Please copy the lines below exactly, from the first one through the line showing "FCBFCI_20201125_0127".
(Input begins)
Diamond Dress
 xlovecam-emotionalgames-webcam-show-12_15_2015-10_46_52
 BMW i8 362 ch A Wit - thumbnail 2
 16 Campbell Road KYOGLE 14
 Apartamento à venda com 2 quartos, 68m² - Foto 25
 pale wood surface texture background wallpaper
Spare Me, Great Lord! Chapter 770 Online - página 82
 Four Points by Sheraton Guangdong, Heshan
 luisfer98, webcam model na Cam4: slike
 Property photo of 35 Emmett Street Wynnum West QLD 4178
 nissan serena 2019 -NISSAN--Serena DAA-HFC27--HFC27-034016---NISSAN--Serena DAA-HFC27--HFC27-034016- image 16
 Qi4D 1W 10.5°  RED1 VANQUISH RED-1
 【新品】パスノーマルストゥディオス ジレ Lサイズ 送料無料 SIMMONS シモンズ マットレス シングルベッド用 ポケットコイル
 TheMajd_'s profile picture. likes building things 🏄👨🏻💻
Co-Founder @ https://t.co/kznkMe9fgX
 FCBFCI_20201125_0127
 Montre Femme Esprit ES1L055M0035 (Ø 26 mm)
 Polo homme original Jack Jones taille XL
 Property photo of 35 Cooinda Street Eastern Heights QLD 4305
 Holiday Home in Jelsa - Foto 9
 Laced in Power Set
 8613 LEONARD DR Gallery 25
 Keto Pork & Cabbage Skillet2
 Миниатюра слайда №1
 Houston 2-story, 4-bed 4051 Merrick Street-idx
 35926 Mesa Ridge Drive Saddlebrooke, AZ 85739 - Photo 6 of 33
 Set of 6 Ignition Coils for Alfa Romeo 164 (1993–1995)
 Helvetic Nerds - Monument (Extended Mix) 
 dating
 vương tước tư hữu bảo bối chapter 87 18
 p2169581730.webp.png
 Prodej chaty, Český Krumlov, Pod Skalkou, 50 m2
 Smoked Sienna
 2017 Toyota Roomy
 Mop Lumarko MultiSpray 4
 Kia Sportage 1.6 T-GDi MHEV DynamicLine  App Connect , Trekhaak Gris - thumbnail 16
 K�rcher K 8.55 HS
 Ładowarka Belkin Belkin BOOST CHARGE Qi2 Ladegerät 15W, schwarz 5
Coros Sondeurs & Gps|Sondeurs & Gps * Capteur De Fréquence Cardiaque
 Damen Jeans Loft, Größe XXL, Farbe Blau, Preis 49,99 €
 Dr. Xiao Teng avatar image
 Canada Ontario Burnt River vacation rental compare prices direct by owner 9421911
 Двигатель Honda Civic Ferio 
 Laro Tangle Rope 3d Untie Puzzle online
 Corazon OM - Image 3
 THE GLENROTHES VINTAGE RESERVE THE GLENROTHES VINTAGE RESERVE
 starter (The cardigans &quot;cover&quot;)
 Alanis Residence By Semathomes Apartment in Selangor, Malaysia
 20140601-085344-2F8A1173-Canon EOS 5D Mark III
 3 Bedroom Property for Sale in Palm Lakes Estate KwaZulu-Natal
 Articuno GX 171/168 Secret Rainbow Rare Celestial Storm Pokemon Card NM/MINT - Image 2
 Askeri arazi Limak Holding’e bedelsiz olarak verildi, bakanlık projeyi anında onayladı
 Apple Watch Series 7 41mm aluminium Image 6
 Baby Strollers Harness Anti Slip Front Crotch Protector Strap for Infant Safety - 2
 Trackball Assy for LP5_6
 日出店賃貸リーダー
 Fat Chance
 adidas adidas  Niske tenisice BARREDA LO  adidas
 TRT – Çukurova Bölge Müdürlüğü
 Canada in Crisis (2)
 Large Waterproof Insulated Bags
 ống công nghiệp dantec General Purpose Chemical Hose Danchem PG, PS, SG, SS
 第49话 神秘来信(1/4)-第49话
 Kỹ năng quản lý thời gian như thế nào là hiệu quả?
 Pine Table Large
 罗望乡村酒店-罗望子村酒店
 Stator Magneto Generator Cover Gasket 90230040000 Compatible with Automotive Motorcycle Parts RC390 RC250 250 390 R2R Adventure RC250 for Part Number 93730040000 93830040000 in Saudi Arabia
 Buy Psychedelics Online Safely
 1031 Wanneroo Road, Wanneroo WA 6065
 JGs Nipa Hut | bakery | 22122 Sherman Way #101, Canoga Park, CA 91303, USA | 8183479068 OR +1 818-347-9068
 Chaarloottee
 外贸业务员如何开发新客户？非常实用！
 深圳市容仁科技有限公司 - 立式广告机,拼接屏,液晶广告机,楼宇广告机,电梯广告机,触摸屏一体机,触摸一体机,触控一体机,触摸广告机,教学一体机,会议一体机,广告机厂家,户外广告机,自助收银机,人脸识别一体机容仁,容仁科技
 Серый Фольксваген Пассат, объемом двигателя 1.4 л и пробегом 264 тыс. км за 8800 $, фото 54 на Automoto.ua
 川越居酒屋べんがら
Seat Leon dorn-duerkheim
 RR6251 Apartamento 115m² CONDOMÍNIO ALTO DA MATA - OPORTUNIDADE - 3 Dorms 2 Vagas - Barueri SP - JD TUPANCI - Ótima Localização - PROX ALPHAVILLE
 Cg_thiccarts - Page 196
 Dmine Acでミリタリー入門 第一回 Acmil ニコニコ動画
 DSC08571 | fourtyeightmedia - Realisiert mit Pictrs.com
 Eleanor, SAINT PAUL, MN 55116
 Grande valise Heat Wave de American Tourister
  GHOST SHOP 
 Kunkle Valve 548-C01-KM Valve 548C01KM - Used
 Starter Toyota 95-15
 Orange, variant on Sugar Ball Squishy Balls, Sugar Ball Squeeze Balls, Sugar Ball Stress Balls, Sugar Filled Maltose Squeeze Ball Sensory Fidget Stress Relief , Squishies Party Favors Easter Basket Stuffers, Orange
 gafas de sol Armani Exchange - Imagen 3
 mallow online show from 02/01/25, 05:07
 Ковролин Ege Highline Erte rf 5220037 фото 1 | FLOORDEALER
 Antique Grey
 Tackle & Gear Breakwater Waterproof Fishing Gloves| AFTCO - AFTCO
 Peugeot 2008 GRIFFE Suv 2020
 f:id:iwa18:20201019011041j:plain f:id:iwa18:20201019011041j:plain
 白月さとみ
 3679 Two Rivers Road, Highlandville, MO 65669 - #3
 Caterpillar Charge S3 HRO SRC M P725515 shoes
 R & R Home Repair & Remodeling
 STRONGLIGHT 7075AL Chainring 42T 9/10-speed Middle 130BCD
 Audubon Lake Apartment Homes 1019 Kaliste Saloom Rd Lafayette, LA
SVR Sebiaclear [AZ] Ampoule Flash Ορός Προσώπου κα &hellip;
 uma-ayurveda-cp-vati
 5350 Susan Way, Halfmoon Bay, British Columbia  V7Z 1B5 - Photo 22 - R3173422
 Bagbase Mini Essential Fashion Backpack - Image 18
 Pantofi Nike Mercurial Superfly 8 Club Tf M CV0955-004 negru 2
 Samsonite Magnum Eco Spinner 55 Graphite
(Input ends)
- [Reply to the exercise]
Diamond Dress
 xlovecam-emotionalgames-webcam-show-12_15_2015-10_46_52
 BMW i8 362 ch A Wit - thumbnail 2
 16 Campbell Road KYOGLE 14
 Apartamento à venda com 2 quartos, 68m² - Foto 25
 pale wood surface texture background wallpaper
Spare Me, Great Lord! Chapter 770 Online - página 82
 Four Points by Sheraton Guangdong, Heshan
 luisfer98, webcam model na Cam4: slike
 Property photo of 35 Emmett Street Wynnum West QLD 4178
 nissan serena 2019 -NISSAN--Serena DAA-HFC27--HFC27-034016---NISSAN--Serena DAA-HFC27--HFC27-034016- image 16
 Qi4D 1W 10.5°  RED1 VANQUISH RED-1
 【新品】パスノーマルストゥディオス ジレ Lサイズ 送料無料 SIMMONS シモンズ マットレス シングルベッド用 ポケットコイル
 TheMajd_'s profile picture. likes building things 🏄👨🏻💻
Co-Founder @ https://t.co/kznkMe9fgX
 FCBFCI_20201125_0127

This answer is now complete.